## [Assignment]
The line containing "歯周病とセラミック治療、正しい順番とは" marks the end: restate word for word every line from the first line of the entries below through that one.

━━━━━━━━━━━━━━━━━━━━

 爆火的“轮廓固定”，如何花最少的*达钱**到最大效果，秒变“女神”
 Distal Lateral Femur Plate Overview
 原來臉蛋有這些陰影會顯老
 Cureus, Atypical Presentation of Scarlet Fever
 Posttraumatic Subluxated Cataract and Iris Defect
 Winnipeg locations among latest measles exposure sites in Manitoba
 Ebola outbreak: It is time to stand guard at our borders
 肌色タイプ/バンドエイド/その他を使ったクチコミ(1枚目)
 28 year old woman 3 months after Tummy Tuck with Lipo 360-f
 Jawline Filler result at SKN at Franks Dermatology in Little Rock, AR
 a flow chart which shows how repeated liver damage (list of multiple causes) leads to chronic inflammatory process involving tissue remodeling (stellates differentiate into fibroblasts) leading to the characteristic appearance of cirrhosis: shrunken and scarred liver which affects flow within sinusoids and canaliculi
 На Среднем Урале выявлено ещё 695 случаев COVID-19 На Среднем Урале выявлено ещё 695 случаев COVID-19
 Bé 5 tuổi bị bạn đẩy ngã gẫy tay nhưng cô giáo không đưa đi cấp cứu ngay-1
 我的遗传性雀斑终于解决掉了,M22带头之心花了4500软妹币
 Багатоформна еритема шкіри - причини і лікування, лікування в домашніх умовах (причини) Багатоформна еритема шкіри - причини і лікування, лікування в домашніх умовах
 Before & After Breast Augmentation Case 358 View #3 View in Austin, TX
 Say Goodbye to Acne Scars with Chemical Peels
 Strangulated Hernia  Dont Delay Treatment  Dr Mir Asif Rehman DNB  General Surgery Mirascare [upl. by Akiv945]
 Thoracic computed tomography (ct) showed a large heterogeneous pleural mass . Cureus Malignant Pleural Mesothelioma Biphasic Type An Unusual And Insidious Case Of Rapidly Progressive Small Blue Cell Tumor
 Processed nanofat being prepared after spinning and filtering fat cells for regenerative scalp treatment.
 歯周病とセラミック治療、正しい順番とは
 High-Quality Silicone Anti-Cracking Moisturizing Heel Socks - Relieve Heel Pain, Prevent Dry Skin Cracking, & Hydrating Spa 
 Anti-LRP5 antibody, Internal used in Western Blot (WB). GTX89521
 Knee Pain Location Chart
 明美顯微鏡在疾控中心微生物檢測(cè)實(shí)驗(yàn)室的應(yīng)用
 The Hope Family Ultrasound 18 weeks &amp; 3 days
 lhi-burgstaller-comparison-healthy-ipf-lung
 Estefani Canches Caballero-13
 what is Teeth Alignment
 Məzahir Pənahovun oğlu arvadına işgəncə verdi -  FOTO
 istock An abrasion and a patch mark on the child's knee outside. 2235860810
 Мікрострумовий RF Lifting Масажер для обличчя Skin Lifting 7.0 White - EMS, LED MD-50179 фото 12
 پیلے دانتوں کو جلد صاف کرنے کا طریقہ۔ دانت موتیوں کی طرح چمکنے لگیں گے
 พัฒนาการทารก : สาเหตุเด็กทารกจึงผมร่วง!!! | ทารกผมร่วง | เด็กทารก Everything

━━━━━━━━━━━━━━━━━━━━

## [Answer to the exercise]
 爆火的“轮廓固定”，如何花最少的*达钱**到最大效果，秒变“女神”
 Distal Lateral Femur Plate Overview
 原來臉蛋有這些陰影會顯老
 Cureus, Atypical Presentation of Scarlet Fever
 Posttraumatic Subluxated Cataract and Iris Defect
 Winnipeg locations among latest measles exposure sites in Manitoba
 Ebola outbreak: It is time to stand guard at our borders
 肌色タイプ/バンドエイド/その他を使ったクチコミ(1枚目)
 28 year old woman 3 months after Tummy Tuck with Lipo 360-f
 Jawline Filler result at SKN at Franks Dermatology in Little Rock, AR
 a flow chart which shows how repeated liver damage (list of multiple causes) leads to chronic inflammatory process involving tissue remodeling (stellates differentiate into fibroblasts) leading to the characteristic appearance of cirrhosis: shrunken and scarred liver which affects flow within sinusoids and canaliculi
 На Среднем Урале выявлено ещё 695 случаев COVID-19 На Среднем Урале выявлено ещё 695 случаев COVID-19
 Bé 5 tuổi bị bạn đẩy ngã gẫy tay nhưng cô giáo không đưa đi cấp cứu ngay-1
 我的遗传性雀斑终于解决掉了,M22带头之心花了4500软妹币
 Багатоформна еритема шкіри - причини і лікування, лікування в домашніх умовах (причини) Багатоформна еритема шкіри - причини і лікування, лікування в домашніх умовах
 Before & After Breast Augmentation Case 358 View #3 View in Austin, TX
 Say Goodbye to Acne Scars with Chemical Peels
 Strangulated Hernia  Dont Delay Treatment  Dr Mir Asif Rehman DNB  General Surgery Mirascare [upl. by Akiv945]
 Thoracic computed tomography (ct) showed a large heterogeneous pleural mass . Cureus Malignant Pleural Mesothelioma Biphasic Type An Unusual And Insidious Case Of Rapidly Progressive Small Blue Cell Tumor
 Processed nanofat being prepared after spinning and filtering fat cells for regenerative scalp treatment.
 歯周病とセラミック治療、正しい順番とは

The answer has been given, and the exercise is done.